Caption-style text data
.....

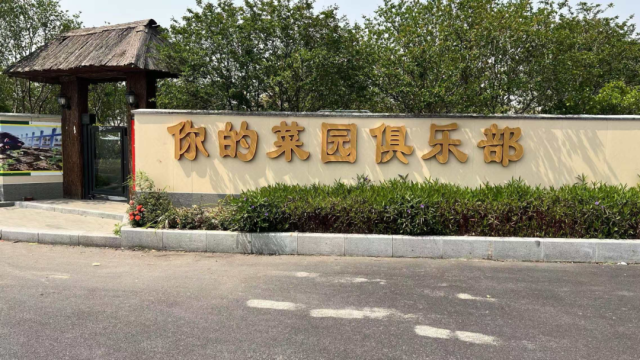 南海研学基地上新，桂城3家上榜！遛娃充电好去处→
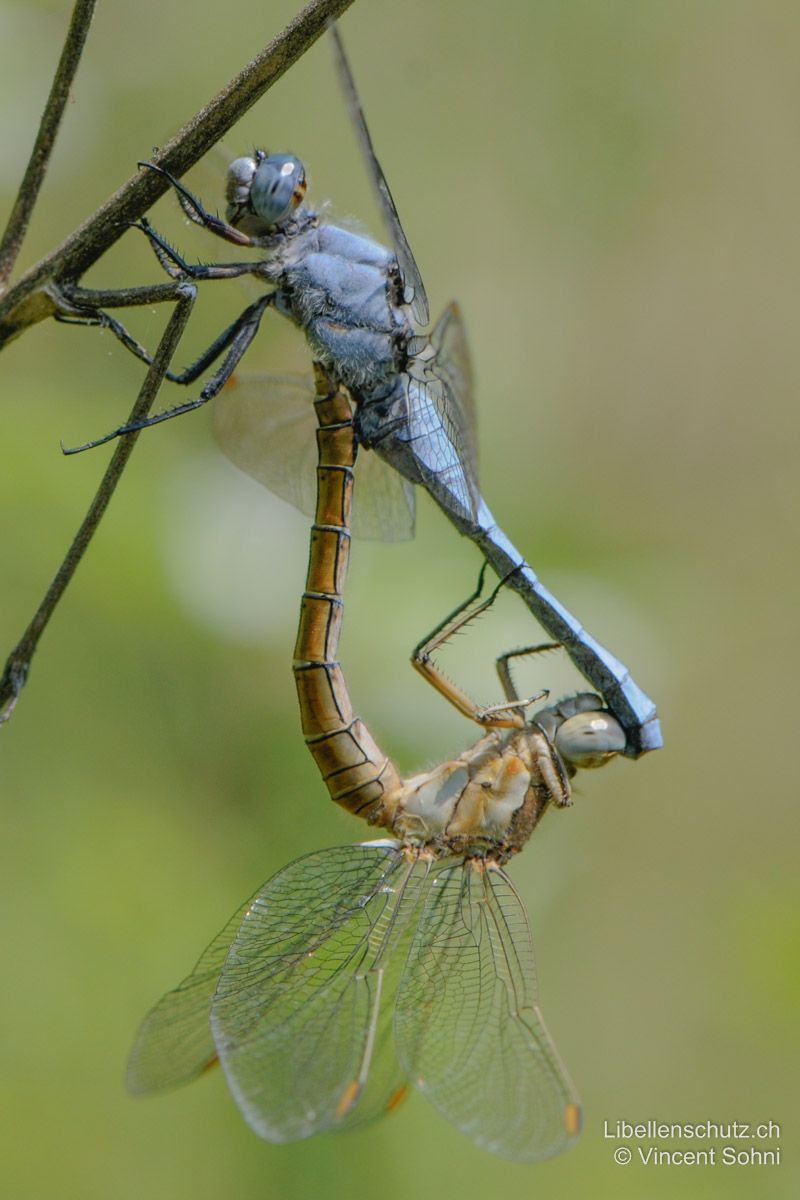 Südlicher Blaupfeil (Orthetrum brunneum), Paarungsrad.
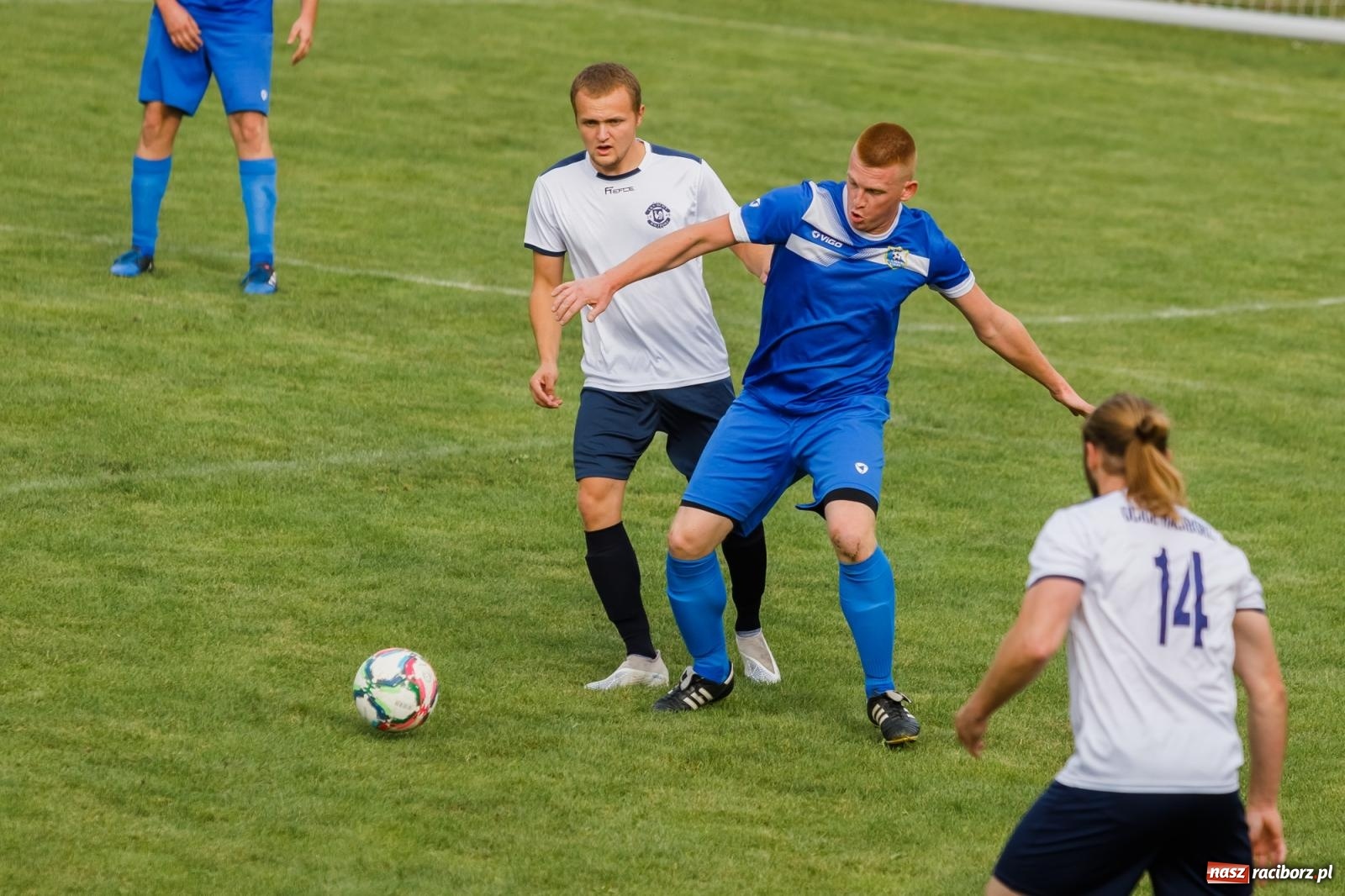 Zdjęcie w galerii na portalu naszraciborz.pl: B klasa. Wilczek pokąsał Ocice [FOTO] wiadomości z regionu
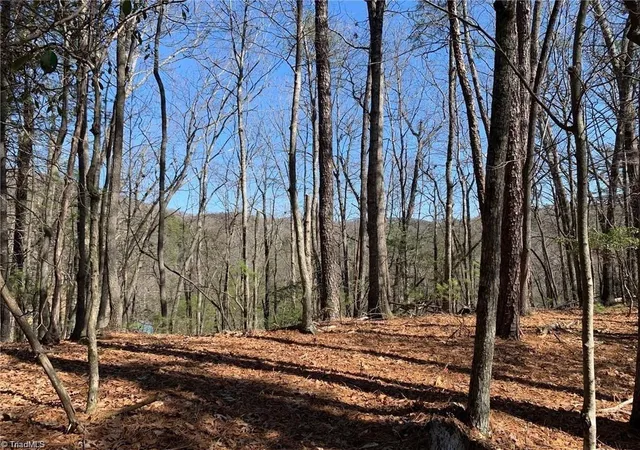 Photo 2 of Land for sale at Lot 2 Sutters Ridge Rd, Mc Grady, NC 28649 | MLS# 1234226 | Listing updated on 2026-09-16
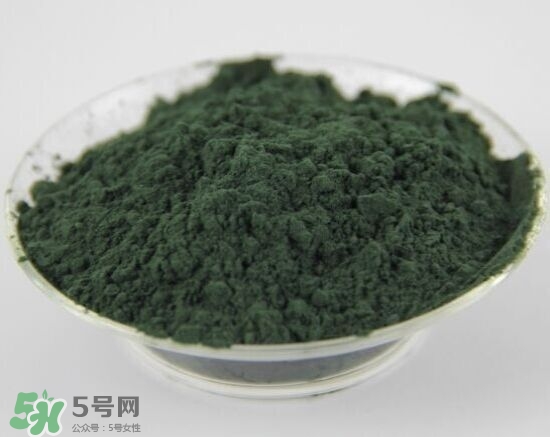 螺旋藻粉怎么吃？螺旋藻粉的功效與作用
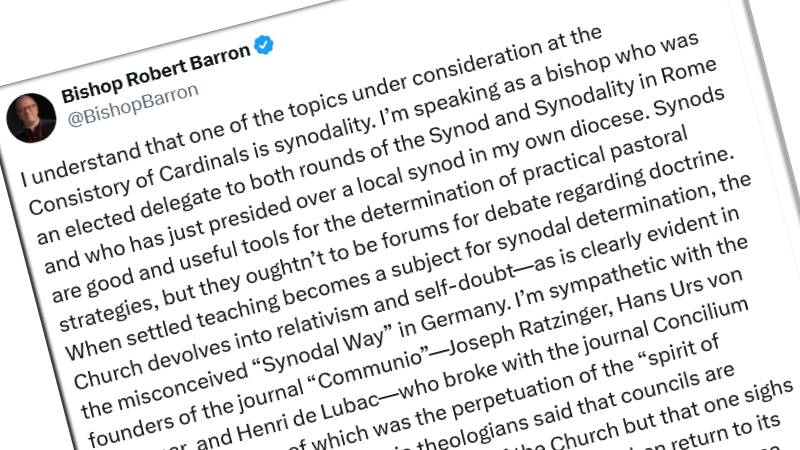 El obispo Barron advierte contra la �sinodalidad� permanente en v�speras del Consistorio de Cardenales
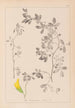 Herbier de la flore française Pl0258 - Louis Antoine Cusin — widok dzieła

.....

Copy the data exactly. Any picture it contains is to be omitted.

 南海研学基地上新，桂城3家上榜！遛娃充电好去处→
 Südlicher Blaupfeil (Orthetrum brunneum), Paarungsrad.
 Zdjęcie w galerii na portalu naszraciborz.pl: B klasa. Wilczek pokąsał Ocice [FOTO] wiadomości z regionu
 Photo 2 of Land for sale at Lot 2 Sutters Ridge Rd, Mc Grady, NC 28649 | MLS# 1234226 | Listing updated on 2026-09-16
 螺旋藻粉怎么吃？螺旋藻粉的功效與作用
 El obispo Barron advierte contra la �sinodalidad� permanente en v�speras del Consistorio de Cardenales
 Herbier de la flore française Pl0258 - Louis Antoine Cusin — widok dzieła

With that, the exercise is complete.